Your goal:
Set down, exactly as they stand, the lines from the one containing "居室・リビング　エアコンつきのお部屋です。" through the last line of the records below, leaving every picture out.

[Collection entries]
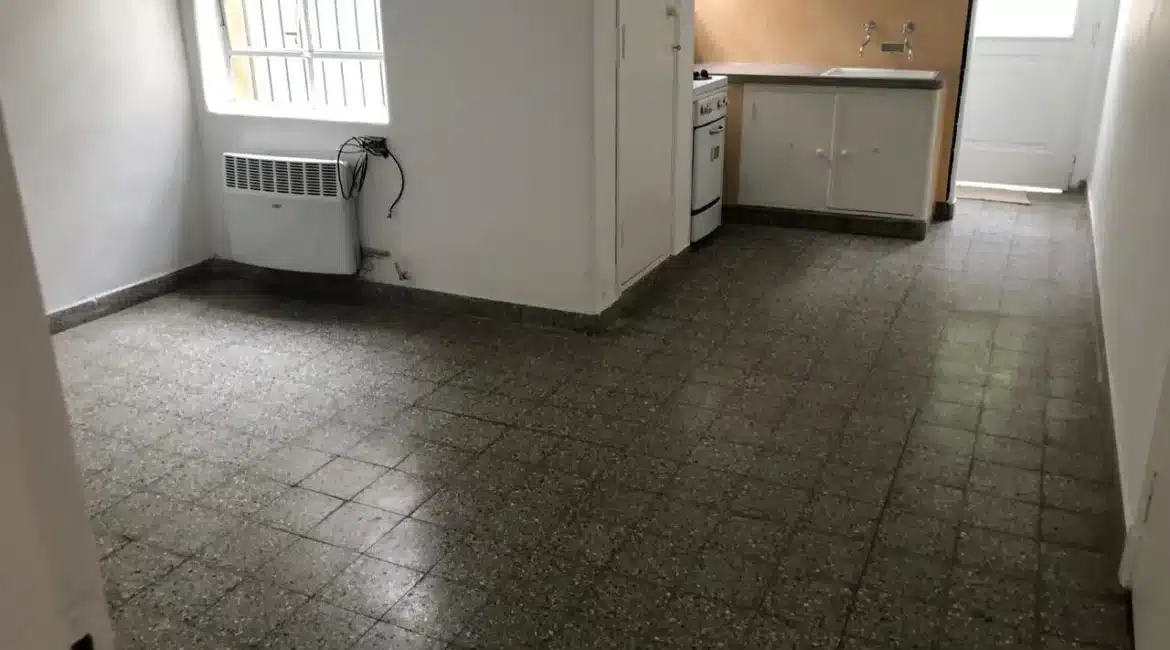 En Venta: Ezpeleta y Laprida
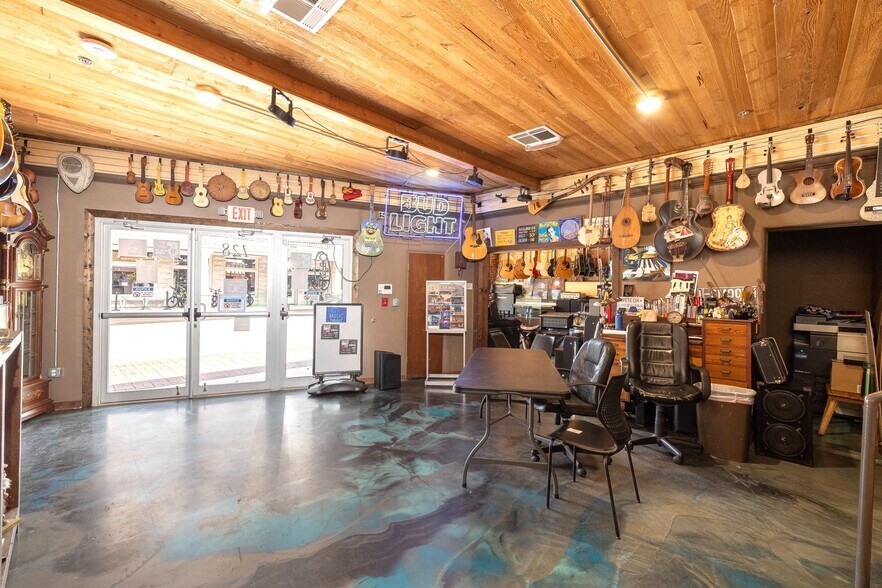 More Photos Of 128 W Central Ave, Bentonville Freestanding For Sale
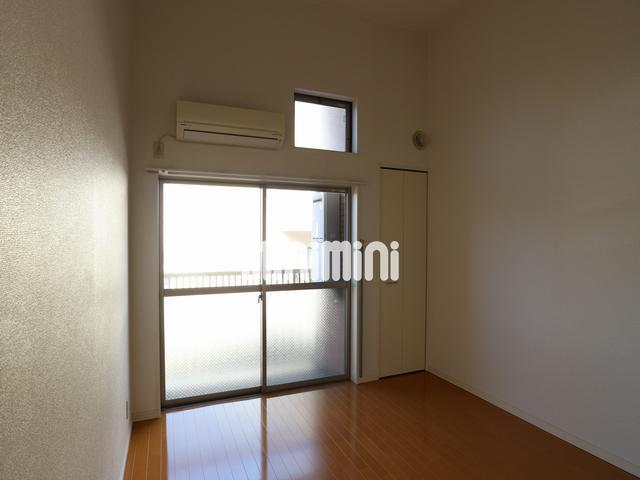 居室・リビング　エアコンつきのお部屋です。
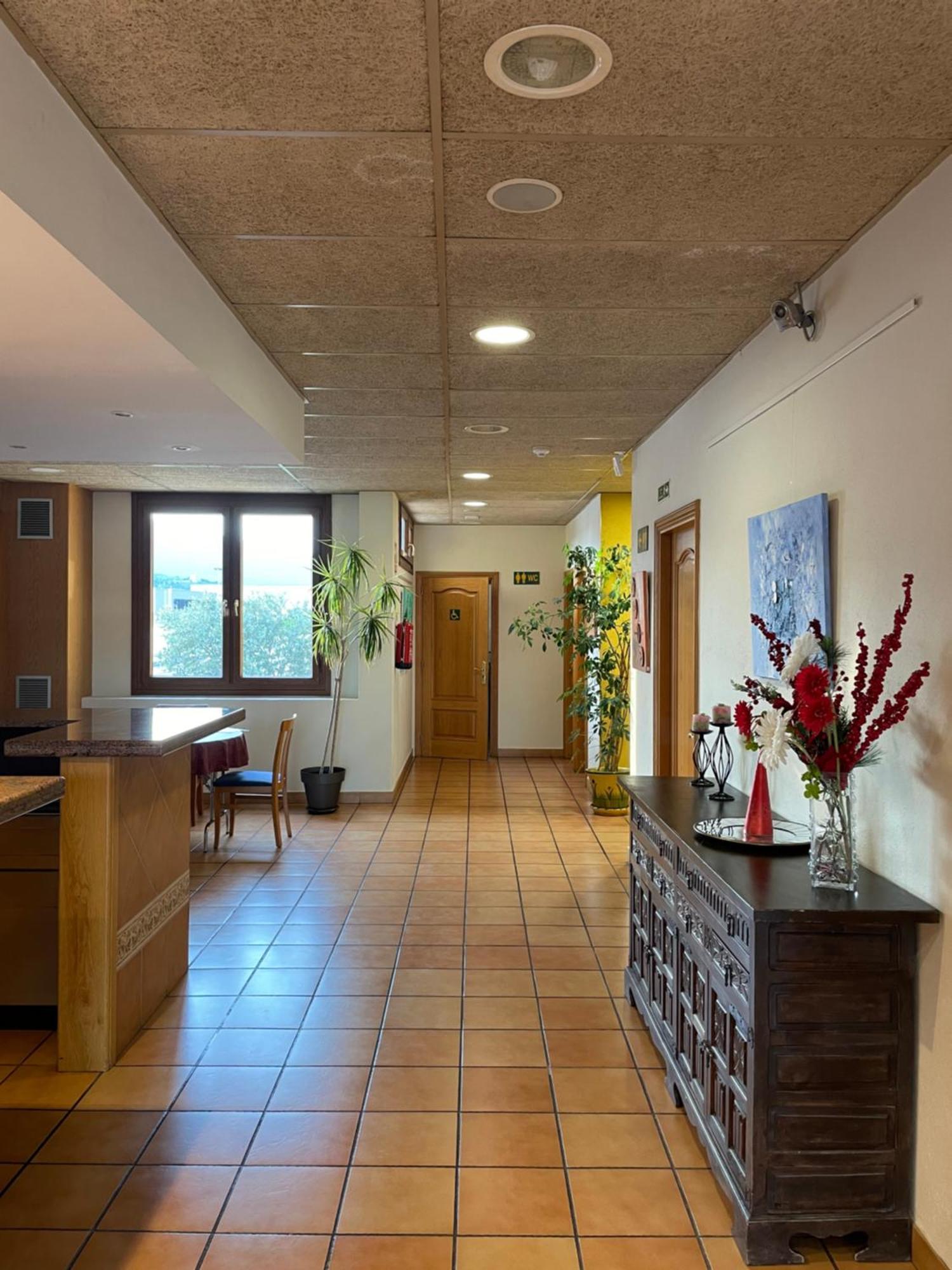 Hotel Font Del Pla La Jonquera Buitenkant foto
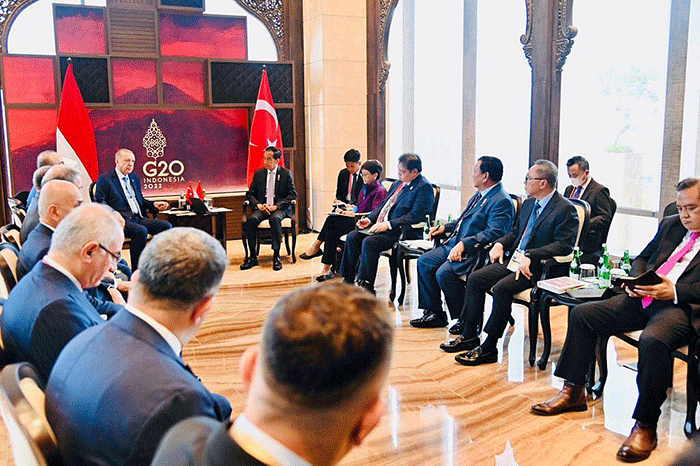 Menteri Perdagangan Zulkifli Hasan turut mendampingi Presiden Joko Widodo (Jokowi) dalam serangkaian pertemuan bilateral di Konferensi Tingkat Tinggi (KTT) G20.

Written reply:
 居室・リビング　エアコンつきのお部屋です。
 Hotel Font Del Pla La Jonquera Buitenkant foto
 Menteri Perdagangan Zulkifli Hasan turut mendampingi Presiden Joko Widodo (Jokowi) dalam serangkaian pertemuan bilateral di Konferensi Tingkat Tinggi (KTT) G20.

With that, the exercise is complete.